Il riconoscimento di Assad come presidente della Siria da parte dei paesi responsabili di anni di guerra aprirà le porte agli investimenti di tutti coloro che vogliono partecipare anche se gli Stati Uniti occupano il nord-est della Siria da anni e la Turchia continua ad occupare il nord-ovest del paese.
El-Bashir vuole che Damasco torni nella Lega Araba ( che ha espulso la Siria nel 2012) nel momento in cui Assad sia riconosciuto dagli stati arabi come legittimo presidente del suo paese. La Siria è uno stato e si comporterà come tale, non cercherà la vendetta ma offrirà un pezzo della torta damascena a chiunque sia pronto a dare una mano nella ricostruzione.

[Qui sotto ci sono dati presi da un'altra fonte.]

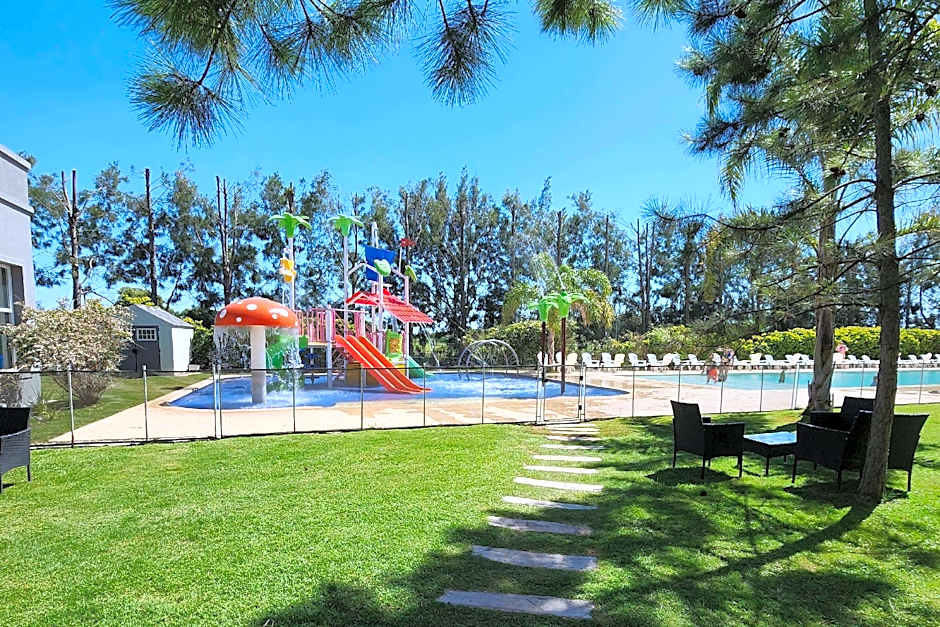 Howard Johnson Funes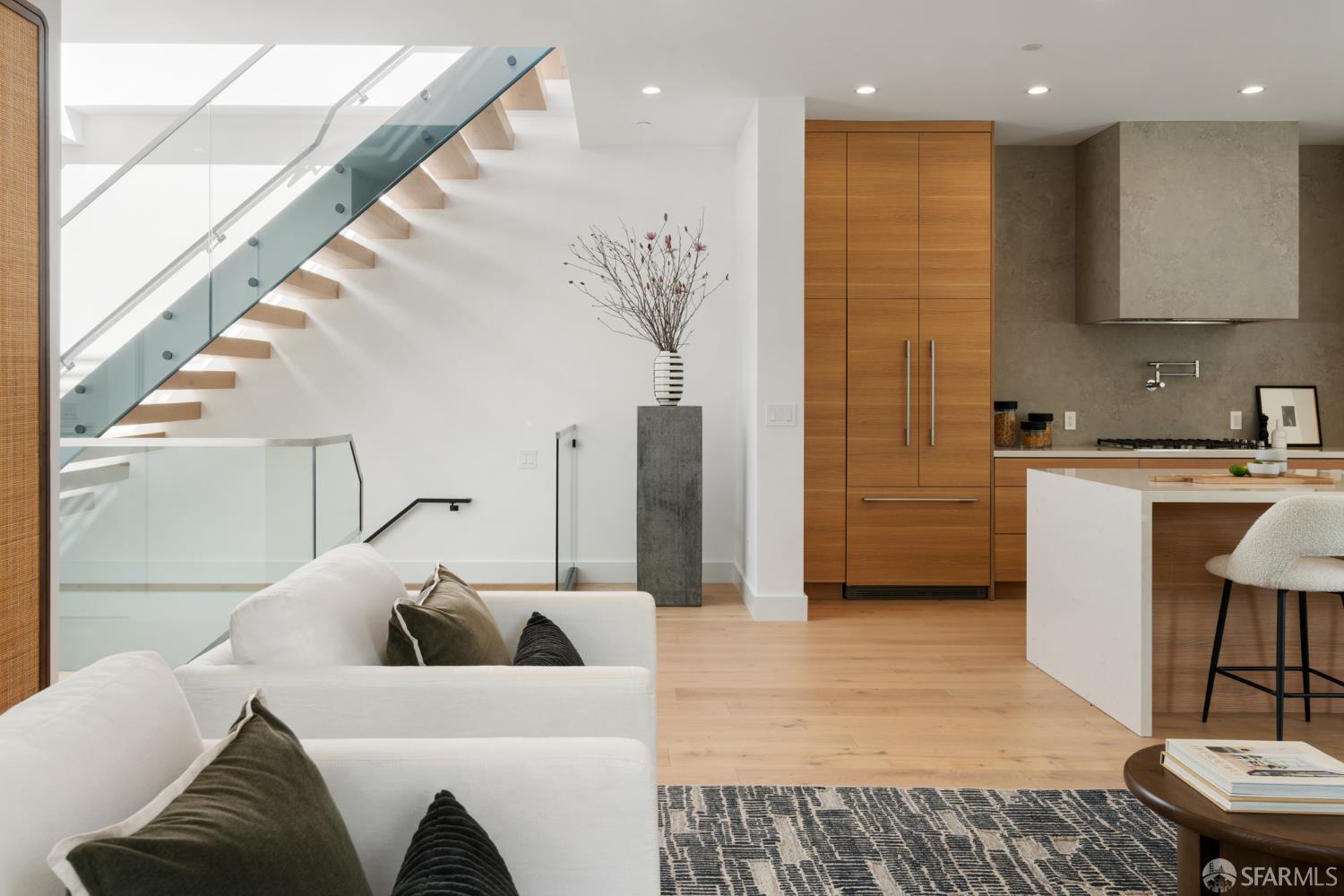 Detail Gallery Image 11 of 39 For 25 Brompton Ave, San Francisco,  CA 94131 - 4 Beds | 4/1 Baths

La visita del presidente sudanese era stata organizzata da più di un anno con la benedizione di quei paesi che avevano assunto le posizioni più radicali contro Assad : questi paesi hanno accettato la loro sconfitta e riconosciuto che la Siria non cadrà. Anche la Turchia sta riconsiderando la sua posizione come dimostra la recente dichiarazione del suo ministro degli esteri Mevlut Cavusoglu : “ Se le elezioni (in Siria) saranno democratiche e oneste, prenderemo in considerazione tutte le possibilità ( cooperare quindi con Assad nel caso di una sua rielezione)”. Le relazioni turco-siriane sono molto più complicate di quelle tra i paesi arabi e la Siria. Le truppe di Ankara occupano parte della Siria e stanno proteggendo al-Qaeda e i suoi alleati a Idlib, ma il presidente Erdogan ha un fine in comune con Damasco: entrambi vogliono il ritiro delle forze d’occupazione americane e evitare che i curdi le proteggano imponendo così la loro enclave nel nord-est del paese.
La strada che porta al riconoscimento di Assad come presidente della Siria è aperta a tutti i paesi arabi, nessuno escluso, e ai loro investimenti per ricostruire il paese. E’ tempo di sotterrare l’ascia di guerra araba nel Levante.